WASHINGTON – Every year, more than 75,000 eyewitnesses identify suspects in criminal investigations. Numerous studies have suggested, eyewitness identifications are wrong about a third of the time. Mistaken identifications have led to wrongful convictions as “there is almost nothing more convincing, than a live human being who takes the stand, points a finger at the defendant, and says, ‘That’s the one!’” (Watkins v. Sowders, 449 U.S. 341 (1981), dissent, Justice William J. Brennan Jr. quoting from a 1979 leading study by Elizabeth F. Loftus.

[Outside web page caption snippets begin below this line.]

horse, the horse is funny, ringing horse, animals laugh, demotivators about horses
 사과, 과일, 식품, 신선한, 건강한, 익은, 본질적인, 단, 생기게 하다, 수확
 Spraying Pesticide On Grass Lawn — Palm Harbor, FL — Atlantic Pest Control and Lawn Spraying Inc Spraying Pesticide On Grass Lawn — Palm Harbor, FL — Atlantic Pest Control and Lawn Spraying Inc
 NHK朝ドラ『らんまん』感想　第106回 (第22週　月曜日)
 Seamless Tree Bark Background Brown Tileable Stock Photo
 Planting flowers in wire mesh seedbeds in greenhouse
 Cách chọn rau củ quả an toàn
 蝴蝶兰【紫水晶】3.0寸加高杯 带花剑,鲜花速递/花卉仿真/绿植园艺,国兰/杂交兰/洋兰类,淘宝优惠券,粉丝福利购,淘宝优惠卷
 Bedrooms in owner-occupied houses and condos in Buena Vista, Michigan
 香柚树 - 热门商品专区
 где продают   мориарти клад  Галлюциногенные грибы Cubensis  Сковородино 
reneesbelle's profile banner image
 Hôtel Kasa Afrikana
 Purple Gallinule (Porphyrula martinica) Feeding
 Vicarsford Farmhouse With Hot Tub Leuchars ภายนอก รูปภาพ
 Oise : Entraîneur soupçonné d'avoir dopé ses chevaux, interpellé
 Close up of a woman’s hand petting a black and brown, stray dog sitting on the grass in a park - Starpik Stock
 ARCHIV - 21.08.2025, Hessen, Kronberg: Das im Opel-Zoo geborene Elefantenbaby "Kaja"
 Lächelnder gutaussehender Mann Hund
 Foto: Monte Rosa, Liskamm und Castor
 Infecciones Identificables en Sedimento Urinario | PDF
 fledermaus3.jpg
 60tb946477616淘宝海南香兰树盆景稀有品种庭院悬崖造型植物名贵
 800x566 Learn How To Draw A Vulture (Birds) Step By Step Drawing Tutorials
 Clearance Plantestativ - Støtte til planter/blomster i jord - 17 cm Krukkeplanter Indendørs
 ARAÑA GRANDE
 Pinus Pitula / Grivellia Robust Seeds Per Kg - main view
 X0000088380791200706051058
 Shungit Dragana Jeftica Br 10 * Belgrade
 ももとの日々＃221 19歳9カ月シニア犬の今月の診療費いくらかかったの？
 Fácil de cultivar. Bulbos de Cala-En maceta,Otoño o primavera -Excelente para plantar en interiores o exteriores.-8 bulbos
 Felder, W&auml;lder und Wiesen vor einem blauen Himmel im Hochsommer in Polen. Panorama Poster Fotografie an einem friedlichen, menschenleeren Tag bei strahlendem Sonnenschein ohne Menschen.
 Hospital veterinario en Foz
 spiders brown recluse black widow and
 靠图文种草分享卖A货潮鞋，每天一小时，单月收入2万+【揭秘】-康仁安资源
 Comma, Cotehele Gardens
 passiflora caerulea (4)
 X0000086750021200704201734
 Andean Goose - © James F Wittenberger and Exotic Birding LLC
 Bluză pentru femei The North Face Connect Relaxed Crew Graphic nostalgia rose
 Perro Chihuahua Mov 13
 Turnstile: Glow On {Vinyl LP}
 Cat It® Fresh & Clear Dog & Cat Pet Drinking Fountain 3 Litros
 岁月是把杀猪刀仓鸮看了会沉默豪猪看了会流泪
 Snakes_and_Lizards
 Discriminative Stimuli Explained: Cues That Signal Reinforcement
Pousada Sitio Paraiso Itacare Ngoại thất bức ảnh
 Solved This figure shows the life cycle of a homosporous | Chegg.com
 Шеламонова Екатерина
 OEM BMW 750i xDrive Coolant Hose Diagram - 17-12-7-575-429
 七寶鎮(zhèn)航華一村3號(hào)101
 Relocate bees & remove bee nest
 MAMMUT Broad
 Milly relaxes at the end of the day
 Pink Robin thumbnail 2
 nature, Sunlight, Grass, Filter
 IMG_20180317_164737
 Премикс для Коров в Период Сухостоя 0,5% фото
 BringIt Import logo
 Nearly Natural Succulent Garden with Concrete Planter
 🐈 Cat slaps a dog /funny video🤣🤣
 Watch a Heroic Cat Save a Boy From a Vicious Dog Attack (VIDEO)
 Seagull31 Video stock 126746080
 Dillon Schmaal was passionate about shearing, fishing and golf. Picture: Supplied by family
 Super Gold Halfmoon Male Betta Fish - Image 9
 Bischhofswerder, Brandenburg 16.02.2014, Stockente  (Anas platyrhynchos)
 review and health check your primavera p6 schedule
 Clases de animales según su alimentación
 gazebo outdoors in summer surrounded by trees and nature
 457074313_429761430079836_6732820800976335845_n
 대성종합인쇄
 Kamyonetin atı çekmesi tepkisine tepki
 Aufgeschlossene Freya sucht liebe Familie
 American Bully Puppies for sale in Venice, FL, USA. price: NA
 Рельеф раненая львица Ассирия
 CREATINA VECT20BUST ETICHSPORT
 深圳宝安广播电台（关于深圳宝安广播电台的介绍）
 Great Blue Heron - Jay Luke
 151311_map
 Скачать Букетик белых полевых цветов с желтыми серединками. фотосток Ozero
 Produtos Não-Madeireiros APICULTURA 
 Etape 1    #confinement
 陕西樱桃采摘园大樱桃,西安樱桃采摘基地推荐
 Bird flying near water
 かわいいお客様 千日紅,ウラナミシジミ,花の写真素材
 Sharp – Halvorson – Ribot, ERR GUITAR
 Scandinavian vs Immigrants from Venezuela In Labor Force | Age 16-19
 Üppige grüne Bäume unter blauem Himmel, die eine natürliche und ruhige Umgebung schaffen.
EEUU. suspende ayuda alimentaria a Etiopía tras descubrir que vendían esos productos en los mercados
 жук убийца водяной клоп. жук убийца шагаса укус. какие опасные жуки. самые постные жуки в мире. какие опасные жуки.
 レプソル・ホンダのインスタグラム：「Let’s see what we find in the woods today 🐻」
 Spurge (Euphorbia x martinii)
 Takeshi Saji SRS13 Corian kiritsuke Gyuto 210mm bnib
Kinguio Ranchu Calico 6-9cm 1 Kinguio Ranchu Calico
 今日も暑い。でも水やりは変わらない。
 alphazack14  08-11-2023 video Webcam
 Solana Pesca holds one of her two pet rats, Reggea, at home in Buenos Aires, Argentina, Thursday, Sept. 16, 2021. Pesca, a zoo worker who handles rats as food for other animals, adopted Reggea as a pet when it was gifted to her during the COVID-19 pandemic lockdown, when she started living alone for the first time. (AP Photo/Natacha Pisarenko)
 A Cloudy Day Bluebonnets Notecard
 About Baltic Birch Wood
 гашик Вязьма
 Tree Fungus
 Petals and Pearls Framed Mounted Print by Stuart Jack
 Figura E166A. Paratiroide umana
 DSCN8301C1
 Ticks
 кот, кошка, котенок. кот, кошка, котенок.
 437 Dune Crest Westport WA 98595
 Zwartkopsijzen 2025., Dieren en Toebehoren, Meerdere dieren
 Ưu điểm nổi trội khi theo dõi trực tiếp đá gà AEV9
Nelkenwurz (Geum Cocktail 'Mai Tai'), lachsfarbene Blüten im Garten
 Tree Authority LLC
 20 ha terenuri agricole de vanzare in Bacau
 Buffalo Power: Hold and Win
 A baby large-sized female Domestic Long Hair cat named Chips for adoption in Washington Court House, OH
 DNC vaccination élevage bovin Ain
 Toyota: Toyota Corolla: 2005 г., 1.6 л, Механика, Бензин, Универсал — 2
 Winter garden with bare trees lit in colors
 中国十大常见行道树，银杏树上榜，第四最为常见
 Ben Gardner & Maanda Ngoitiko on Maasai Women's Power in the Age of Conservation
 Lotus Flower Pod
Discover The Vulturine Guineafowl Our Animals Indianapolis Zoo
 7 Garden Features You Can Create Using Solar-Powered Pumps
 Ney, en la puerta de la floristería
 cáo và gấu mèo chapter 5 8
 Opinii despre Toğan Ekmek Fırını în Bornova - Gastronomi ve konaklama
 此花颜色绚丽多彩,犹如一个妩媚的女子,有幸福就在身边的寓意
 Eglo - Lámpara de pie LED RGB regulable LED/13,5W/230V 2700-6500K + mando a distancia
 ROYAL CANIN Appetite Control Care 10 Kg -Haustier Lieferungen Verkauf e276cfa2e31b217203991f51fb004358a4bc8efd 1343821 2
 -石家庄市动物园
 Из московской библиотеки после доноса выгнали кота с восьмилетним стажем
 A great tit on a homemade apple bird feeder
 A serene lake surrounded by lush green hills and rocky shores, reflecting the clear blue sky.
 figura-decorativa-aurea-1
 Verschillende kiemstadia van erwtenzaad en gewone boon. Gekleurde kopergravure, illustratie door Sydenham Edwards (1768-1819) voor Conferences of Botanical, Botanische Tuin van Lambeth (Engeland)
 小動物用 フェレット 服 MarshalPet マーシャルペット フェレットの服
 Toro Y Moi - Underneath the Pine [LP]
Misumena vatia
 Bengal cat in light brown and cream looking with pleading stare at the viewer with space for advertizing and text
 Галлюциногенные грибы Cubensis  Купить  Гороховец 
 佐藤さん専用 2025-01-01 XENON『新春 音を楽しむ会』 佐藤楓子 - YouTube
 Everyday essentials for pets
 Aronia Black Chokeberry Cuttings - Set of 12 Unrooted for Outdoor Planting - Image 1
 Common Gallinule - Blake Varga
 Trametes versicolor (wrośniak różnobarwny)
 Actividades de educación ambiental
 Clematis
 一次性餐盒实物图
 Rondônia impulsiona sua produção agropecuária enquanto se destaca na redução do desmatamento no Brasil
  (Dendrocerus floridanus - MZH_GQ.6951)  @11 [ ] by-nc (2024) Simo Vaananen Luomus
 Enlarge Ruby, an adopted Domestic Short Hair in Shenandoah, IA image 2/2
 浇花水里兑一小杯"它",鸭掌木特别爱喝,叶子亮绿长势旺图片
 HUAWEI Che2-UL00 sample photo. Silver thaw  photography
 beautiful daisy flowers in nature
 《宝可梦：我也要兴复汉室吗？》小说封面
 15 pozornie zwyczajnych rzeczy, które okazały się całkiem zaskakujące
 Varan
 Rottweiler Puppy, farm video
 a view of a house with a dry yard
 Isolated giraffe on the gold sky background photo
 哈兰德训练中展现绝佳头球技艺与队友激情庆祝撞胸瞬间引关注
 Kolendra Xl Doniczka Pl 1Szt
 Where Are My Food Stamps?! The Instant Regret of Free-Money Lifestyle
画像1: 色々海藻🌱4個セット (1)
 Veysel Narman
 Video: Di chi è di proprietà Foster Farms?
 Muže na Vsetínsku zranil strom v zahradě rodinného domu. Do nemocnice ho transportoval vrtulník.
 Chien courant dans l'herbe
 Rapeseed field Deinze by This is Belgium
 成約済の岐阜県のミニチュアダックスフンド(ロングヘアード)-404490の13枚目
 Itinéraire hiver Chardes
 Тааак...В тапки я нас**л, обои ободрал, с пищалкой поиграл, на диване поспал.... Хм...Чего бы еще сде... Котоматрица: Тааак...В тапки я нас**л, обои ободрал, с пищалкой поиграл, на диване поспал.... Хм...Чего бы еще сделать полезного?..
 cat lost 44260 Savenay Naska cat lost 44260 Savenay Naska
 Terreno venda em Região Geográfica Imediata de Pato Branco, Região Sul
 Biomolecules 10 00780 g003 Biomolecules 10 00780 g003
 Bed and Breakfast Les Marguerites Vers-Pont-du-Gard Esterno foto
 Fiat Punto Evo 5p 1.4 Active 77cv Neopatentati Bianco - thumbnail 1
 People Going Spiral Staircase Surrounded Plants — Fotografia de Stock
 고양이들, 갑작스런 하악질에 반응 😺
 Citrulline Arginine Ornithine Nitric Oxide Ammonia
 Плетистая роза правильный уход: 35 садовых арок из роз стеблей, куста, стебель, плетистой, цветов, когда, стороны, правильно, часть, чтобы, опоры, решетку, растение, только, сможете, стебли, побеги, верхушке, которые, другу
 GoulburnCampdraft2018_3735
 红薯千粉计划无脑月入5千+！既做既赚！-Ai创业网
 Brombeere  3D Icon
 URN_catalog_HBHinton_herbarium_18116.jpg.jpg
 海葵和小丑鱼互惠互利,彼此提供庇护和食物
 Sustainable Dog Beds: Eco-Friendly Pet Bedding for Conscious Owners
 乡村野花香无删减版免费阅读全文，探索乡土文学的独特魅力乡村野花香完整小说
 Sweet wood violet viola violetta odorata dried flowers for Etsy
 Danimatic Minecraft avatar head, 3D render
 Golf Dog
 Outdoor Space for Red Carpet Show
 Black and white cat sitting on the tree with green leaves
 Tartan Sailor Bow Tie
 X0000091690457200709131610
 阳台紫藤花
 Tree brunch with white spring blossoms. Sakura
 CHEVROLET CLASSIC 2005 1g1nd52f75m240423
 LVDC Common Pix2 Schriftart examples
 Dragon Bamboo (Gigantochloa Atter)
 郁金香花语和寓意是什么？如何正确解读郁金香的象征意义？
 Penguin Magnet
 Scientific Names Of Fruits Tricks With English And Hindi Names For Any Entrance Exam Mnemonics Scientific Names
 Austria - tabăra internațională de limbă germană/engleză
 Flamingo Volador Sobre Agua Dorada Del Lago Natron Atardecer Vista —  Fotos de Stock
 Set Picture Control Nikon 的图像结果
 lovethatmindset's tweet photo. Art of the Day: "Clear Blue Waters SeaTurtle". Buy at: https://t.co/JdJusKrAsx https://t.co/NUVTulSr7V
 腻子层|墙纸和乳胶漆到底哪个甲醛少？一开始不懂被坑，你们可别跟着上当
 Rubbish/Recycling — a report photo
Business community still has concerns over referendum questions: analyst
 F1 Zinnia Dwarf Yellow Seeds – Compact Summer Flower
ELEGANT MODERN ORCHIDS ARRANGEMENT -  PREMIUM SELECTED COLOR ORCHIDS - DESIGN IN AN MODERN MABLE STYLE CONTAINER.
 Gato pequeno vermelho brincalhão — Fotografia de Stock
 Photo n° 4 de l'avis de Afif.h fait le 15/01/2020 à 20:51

In November 2011, the Supreme Court will return to the question of what the Constitution has to say about the use of eyewitness evidence. The case, Perry v. New Hampshire, is concerned with whether judges must take a hard look at all identifications arising from suggestive circumstances or only those involving official misconduct. The last time the court took a hard look at this question was in 1977 with Manson v. Brathwaite, 432 U.S. 98. Since then, the scientific understanding of human memory has been transformed.
For the full article see: 34 Years Later, Supreme Court Will Revisit Eyewitness IDs By Adam Liptak
For more information see:
State of NJ v. Larry R. Henderson (2008), a pioneering report from a special master appointed by the New Jersey Supreme Court. The special master, Geoffrey Gaulkin, suggested that memory should be treated “as a form of trace evidence: a fragment collected at the scene of a crime, like a fingerprint or blood smear, whose integrity and reliability need to be monitored and assessed from the point of its recovery to its ultimate presentation at trial.”
Court takes up case on eyewitness identification – http://bit.ly/s1a0je by Mark Sherman Associated Press / November 2, 2011.
- Supreme Court backs eyewitness identification with 8-1 ruling (cnn.com)
- Supreme Court rules against man convicted by eyewitness ID (seattletimes.nwsource.com)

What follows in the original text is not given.